假设有这样一个数组，我们要将它存入哈希表中：

我们直接根据元素的实际大小进行插入。如上图，即每一个下标都对应一个相应的数据，没有对应的数据就为空。

 注意 ❗️ ❗️

 （1）开辟数组的时候，一定要知道数据的范围，并根据数据的范围开辟数组，如果数据的大小超过了数组的大小就会越界。 （2）采用直接定址法一定要数据比较集中，因为最大最小数据如果相差太大，那么浪费的空间也会很多。 （3）如果我们存储的是整型，那么不需要担心哈希冲突，因为每个数值都对应唯一的位置。

 但是，当我们存入的数据不是整型的时候我们就要考虑如何来进行映射？  其实在大多数情况下，我们采用unordered_map和unordered_set存储的都是字符串，那我们如何将字符串和下标联系起来呢？

可能你会觉得字符都有对应的ASCII码，我们可以用字符的ASCII来进行对应。但是这种情况下就不可避免的会出现哈希冲突，因为只要我们不规定字符串的长度，那么字符串就是无穷无尽的，通过其ASCII来对应是一定会产生冲突的。（对于哈希冲突的解决我们下面再来进行详细的介绍）

3、除留余数法（重点）

当一组数据中的最大和最小相差比较大时，就会浪费大量的空间。所以直接定址法就不再适用了，这时候我们就要采用除留余数法。

 什么是除留余数法呢？假设有这样一个数组，如下图：  如何通过除留余数法将数据存入哈希表中呢？

即我们将每一个数据对表的大小进行取模，取模过后数据就可以通过下标来映射相应的位置。

所以插入后数据如图：

除留余数法可以很好的避免空间大量的浪费，所以一般我们都采用除留余数法。

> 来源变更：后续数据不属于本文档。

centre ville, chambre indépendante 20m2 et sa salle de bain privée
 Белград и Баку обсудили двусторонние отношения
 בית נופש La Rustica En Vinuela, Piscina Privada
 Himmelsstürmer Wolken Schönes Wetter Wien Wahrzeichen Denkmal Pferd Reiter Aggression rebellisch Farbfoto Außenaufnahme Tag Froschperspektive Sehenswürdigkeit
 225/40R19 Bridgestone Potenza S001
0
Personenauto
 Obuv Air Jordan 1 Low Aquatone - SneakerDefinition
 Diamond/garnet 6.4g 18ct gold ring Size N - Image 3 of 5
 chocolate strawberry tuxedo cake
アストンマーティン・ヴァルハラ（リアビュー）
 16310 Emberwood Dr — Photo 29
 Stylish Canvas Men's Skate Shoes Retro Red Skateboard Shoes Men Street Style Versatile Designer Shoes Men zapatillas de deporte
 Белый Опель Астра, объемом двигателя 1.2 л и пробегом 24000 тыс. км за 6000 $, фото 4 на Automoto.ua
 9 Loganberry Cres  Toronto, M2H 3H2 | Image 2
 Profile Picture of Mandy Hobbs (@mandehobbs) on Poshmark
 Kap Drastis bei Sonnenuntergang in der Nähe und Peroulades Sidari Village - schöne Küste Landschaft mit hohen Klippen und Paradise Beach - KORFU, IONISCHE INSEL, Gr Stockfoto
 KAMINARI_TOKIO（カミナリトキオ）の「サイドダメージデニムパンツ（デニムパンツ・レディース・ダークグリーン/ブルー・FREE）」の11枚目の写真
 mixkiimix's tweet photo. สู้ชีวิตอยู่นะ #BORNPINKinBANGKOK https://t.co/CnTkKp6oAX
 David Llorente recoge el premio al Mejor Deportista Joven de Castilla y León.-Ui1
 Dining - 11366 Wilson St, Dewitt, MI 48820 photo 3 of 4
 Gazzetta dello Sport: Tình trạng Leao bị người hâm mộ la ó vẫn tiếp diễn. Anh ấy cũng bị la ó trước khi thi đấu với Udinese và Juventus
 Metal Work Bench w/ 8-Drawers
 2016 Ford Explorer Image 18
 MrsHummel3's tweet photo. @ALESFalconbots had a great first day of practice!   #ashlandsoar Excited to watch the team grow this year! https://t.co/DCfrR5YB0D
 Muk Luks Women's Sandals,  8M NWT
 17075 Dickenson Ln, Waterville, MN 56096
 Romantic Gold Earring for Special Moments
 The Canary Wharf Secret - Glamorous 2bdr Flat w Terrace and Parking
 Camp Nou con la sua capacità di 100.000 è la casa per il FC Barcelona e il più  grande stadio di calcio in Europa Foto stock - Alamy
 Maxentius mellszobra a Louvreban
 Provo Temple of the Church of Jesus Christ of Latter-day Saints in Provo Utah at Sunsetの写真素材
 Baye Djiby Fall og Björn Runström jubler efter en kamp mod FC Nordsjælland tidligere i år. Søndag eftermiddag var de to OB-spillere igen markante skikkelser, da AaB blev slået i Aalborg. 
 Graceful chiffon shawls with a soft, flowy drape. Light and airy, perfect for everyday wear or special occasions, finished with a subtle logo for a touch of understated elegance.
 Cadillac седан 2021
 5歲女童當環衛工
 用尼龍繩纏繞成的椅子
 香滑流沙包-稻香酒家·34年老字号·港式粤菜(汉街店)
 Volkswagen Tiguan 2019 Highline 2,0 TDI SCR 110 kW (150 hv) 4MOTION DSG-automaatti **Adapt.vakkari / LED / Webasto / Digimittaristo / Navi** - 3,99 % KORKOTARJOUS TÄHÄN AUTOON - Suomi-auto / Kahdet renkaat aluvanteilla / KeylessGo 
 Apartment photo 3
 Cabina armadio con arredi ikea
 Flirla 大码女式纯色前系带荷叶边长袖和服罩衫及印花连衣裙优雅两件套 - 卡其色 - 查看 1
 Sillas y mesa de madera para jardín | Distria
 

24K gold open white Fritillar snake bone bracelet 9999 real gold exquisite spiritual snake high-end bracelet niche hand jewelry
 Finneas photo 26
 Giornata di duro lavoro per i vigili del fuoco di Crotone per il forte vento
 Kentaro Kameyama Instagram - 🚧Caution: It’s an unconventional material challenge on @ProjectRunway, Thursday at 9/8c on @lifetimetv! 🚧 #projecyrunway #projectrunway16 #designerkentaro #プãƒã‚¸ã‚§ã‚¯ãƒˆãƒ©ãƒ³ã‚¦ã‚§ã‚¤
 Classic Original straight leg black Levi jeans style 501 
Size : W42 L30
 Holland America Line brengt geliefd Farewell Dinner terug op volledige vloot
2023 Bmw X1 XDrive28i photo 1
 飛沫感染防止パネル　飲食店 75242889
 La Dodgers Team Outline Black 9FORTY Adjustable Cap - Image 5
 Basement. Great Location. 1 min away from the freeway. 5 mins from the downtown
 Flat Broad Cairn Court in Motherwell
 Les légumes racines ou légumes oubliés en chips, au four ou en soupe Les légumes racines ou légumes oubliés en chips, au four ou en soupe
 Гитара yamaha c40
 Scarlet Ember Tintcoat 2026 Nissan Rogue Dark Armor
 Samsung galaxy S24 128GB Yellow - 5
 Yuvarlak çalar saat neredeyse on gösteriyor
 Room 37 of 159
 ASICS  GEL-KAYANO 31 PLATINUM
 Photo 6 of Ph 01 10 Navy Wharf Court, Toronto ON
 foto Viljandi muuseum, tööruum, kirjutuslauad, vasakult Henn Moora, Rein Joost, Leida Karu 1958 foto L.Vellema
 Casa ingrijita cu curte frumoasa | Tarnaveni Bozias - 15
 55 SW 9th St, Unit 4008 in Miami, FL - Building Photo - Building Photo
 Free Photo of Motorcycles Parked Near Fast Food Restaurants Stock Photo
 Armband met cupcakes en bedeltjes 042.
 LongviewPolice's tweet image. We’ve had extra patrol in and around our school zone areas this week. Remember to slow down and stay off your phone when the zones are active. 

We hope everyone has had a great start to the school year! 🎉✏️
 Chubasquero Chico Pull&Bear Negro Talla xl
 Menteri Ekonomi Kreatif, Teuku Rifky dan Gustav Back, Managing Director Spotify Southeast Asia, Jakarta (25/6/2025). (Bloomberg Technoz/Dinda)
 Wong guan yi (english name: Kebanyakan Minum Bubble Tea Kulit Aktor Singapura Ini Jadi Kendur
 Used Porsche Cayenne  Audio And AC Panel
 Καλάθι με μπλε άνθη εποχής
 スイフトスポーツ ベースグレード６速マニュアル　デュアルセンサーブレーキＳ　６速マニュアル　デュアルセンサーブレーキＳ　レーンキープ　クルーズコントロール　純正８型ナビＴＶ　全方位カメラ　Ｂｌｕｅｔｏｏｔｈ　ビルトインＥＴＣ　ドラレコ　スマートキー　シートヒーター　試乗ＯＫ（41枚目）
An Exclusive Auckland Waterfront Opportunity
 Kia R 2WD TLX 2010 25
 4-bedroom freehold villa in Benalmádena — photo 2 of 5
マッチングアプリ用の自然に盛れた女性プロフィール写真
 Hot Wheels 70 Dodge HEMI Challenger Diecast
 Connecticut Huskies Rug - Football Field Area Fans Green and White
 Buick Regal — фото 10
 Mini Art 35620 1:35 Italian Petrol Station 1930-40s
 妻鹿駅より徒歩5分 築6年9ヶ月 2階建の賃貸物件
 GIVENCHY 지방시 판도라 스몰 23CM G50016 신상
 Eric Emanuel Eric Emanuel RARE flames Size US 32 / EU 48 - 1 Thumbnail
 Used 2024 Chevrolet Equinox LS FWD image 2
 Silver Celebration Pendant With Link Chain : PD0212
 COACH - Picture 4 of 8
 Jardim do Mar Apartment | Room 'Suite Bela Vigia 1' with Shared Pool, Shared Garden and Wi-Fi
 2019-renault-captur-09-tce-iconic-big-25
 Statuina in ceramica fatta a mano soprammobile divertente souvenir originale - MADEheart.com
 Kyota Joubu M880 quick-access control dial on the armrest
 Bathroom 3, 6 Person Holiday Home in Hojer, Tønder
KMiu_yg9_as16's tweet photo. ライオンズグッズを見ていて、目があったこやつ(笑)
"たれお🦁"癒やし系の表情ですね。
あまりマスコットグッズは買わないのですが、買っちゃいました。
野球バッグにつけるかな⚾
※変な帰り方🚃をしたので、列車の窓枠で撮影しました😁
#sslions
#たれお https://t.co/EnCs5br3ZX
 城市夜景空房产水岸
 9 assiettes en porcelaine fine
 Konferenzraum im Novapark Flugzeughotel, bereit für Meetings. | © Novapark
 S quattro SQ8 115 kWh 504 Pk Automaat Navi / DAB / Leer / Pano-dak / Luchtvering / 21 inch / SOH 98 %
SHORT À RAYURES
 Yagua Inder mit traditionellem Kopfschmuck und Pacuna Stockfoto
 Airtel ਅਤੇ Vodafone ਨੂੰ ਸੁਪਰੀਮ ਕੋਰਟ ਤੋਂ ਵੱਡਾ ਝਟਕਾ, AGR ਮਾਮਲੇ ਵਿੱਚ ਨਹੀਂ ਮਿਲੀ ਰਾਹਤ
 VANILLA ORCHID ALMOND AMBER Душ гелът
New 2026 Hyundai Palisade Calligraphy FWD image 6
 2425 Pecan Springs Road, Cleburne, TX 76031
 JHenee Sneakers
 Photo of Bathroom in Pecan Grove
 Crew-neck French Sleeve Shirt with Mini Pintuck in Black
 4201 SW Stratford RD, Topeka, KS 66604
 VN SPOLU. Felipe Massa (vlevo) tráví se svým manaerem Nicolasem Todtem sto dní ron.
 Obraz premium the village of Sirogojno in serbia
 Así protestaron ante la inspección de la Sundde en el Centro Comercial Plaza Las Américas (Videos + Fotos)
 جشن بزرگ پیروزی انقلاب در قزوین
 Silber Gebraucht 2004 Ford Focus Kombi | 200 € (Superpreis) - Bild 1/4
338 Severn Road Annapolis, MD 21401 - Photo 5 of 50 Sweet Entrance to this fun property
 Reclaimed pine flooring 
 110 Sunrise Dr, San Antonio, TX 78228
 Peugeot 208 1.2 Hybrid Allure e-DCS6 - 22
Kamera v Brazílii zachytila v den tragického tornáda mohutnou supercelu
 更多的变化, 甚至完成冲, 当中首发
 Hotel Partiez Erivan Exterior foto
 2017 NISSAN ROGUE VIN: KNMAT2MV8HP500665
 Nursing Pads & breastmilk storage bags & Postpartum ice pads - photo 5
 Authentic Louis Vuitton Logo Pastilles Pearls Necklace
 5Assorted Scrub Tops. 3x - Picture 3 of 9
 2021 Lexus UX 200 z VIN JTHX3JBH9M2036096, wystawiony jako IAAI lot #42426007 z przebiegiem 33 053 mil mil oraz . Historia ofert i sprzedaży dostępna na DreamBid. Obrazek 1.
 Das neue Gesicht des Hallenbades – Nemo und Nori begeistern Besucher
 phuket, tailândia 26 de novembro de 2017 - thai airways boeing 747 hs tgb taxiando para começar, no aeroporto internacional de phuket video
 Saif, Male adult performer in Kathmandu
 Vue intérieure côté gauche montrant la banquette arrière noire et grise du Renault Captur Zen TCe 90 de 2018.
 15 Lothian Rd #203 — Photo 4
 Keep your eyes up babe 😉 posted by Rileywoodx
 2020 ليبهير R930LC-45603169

当然，除留余数法也会产生哈希冲突。

除了直接定址法和除留余数法，我们还有其他的方法比如：平方取中法、折叠法、随机数法、数学分析法。（但是这些方法不常用，这里不做介绍）

 注意❗️ ❗️

 哈希函数设计的越精妙，产生哈希冲突的可能性就越低，但是无法避免哈希冲突。

  下面就是实现重点了，嘿嘿。

4、解决哈希冲突

上面直接定址法和除留余数法都会产生哈希冲突的问题，下面我们就来解决：

 闭散列

闭散列：也叫做开放定址法，当发生哈希冲突时，如果哈希表未被装满，说明在哈希表中必然还有空位置，那么可以把key存放到冲突位置中的“下一个” 空位置中去。那如何寻找下一个空位置呢？

 （1）线性探测

线性探测：线性探测是计算机程序解决哈希表冲突时所采取的一种策略。

还是这个数组：

我们通过除留余数法，可以算得8和15取模后，其对应同一个位置，那么我们从这个位置开始，一个一个往后面去探测，直到找到一个空位置，就将数据插入。

但是会有这种情况，即：取模后发生冲突，然后向后面探测，直到探测到最后一个位置都没有发现空位置，那么我们就再从头开始进行探测。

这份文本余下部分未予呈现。